Start of Provided data

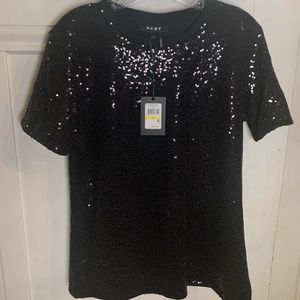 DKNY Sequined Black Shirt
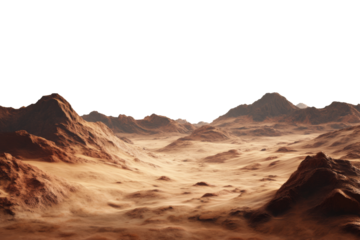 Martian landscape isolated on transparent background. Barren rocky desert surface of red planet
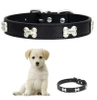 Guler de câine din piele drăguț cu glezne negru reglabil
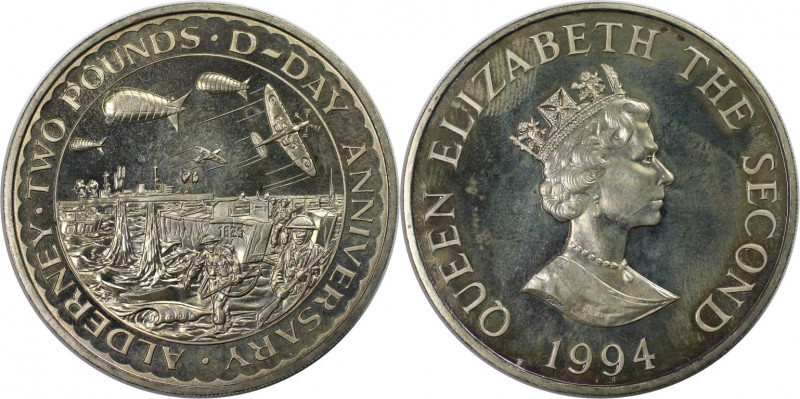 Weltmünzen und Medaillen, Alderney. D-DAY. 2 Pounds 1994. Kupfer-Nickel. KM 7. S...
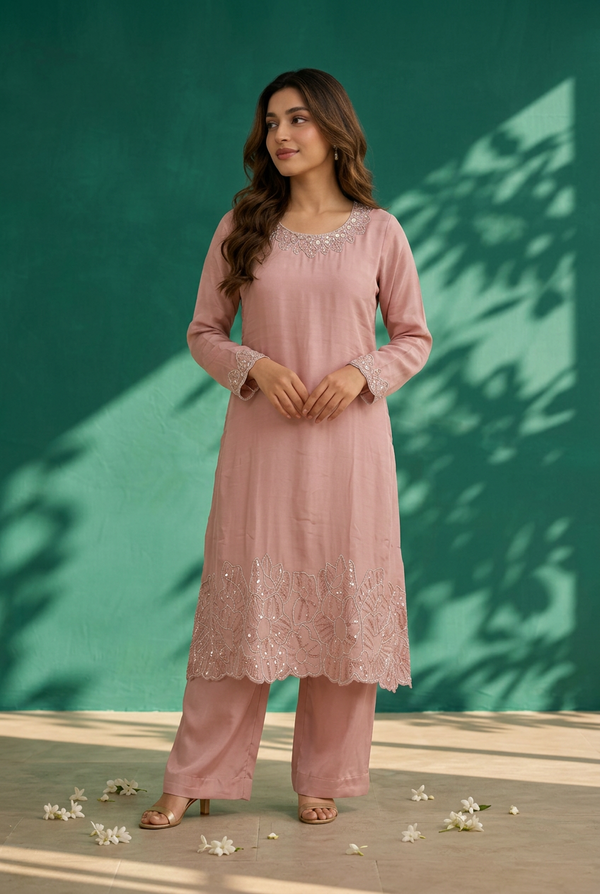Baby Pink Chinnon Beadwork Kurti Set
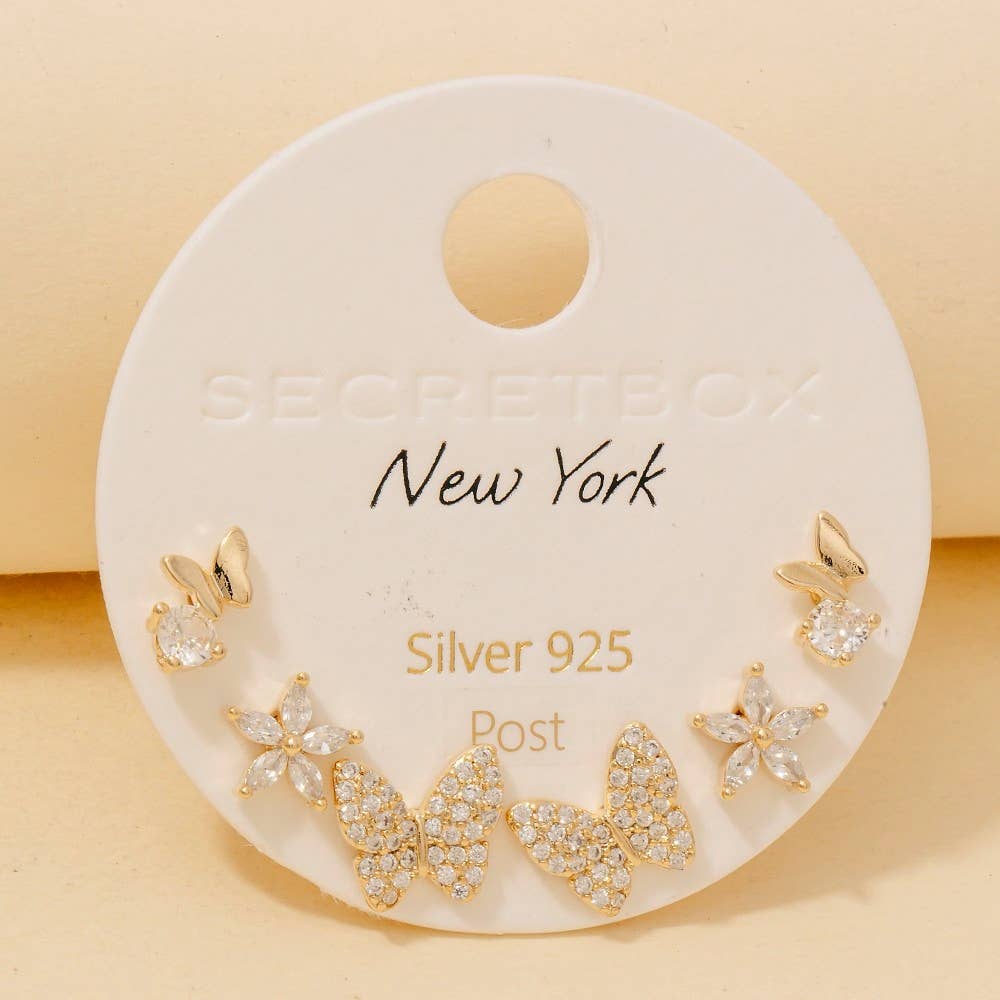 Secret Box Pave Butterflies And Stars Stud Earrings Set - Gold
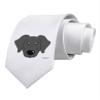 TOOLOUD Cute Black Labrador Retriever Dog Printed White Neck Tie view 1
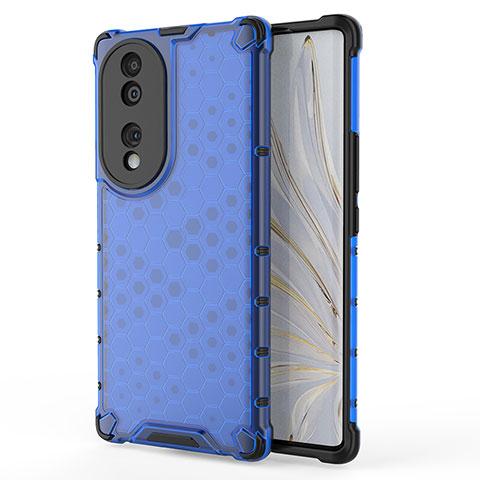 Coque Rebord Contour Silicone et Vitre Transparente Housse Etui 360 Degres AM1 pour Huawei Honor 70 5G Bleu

End of Provided data
Start of Provided data

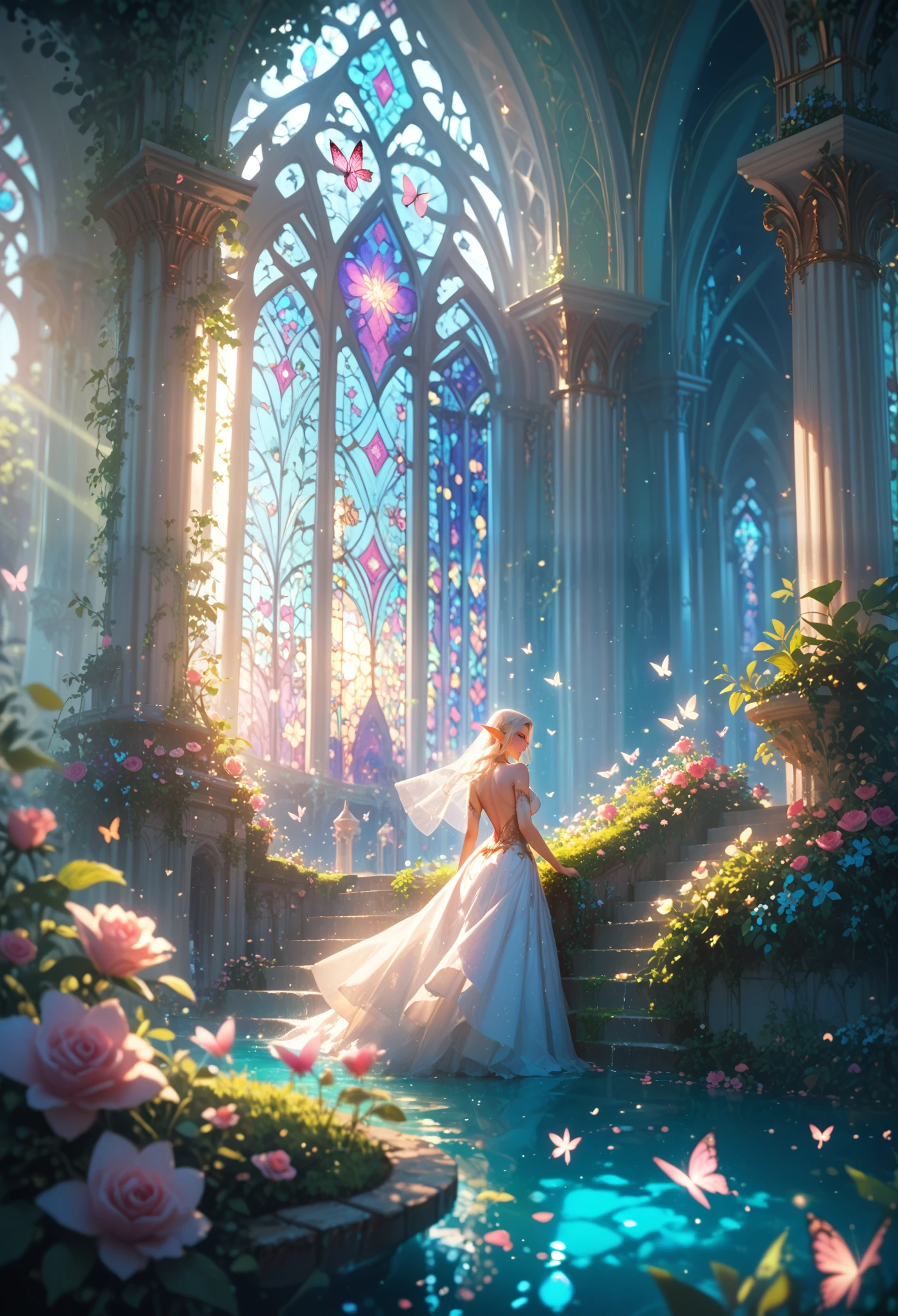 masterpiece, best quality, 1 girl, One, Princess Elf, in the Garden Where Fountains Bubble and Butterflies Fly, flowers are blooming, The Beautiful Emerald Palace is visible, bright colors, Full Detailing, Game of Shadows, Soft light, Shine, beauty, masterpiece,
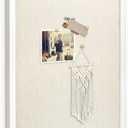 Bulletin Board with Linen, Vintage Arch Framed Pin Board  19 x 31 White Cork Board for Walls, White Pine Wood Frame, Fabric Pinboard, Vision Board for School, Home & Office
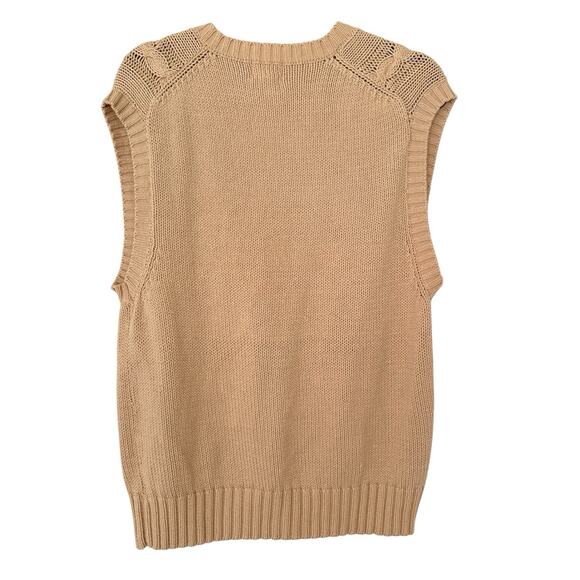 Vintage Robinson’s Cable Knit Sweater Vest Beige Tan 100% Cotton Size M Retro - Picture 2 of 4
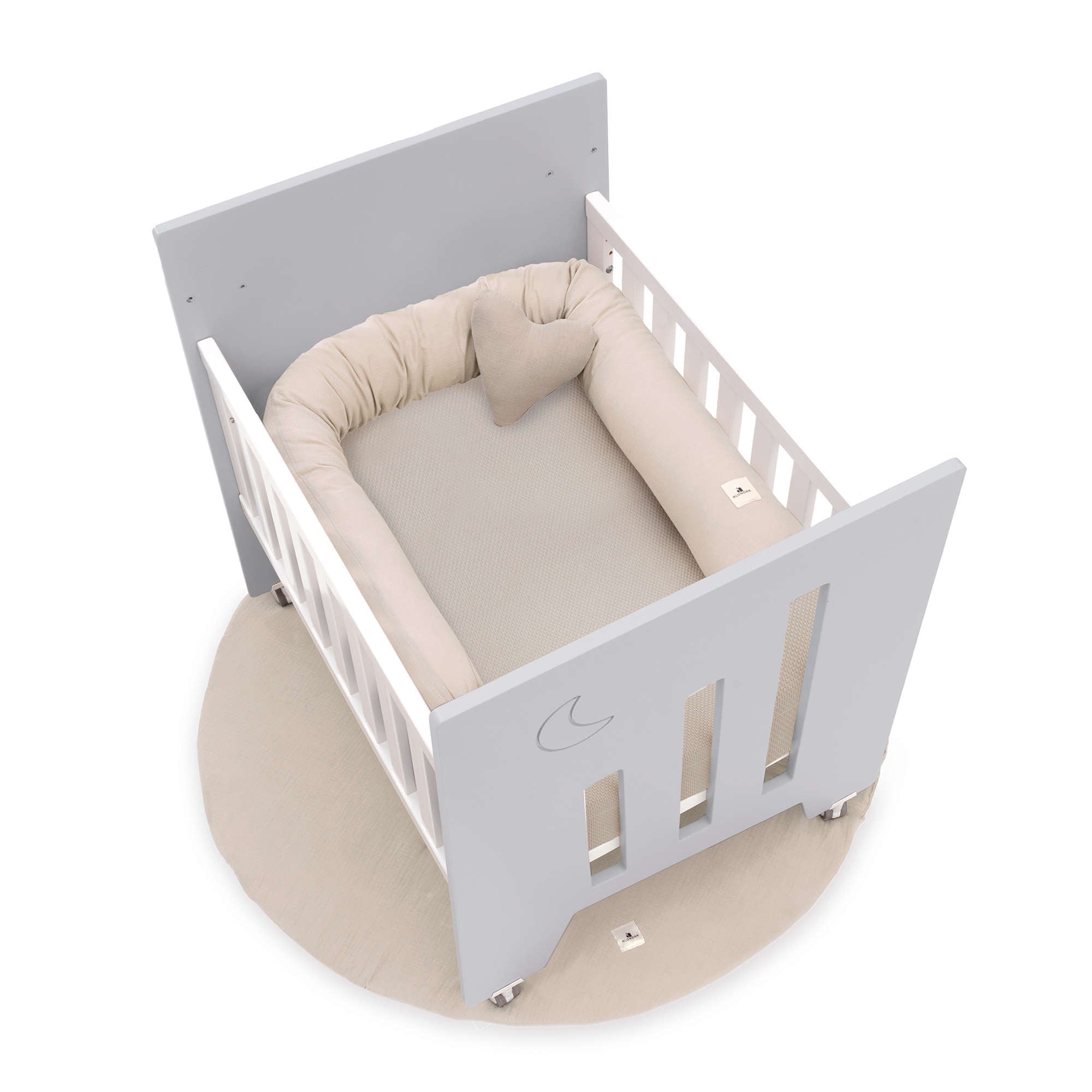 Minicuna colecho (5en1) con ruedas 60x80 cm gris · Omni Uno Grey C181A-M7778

End of Provided data

**To do**
Copy only these lines from the records above, exactly: the one with "DKNY Sequined Black Shirt", the one with "TOOLOUD Cute Black", and those between. Skip the pictures.

**Task solution**
 DKNY Sequined Black Shirt
 Martian landscape isolated on transparent background. Barren rocky desert surface of red planet
 Guler de câine din piele drăguț cu glezne negru reglabil
 Weltmünzen und Medaillen, Alderney. D-DAY. 2 Pounds 1994. Kupfer-Nickel. KM 7. S...
Baby Pink Chinnon Beadwork Kurti Set
 Secret Box Pave Butterflies And Stars Stud Earrings Set - Gold
 TOOLOUD Cute Black Labrador Retriever Dog Printed White Neck Tie view 1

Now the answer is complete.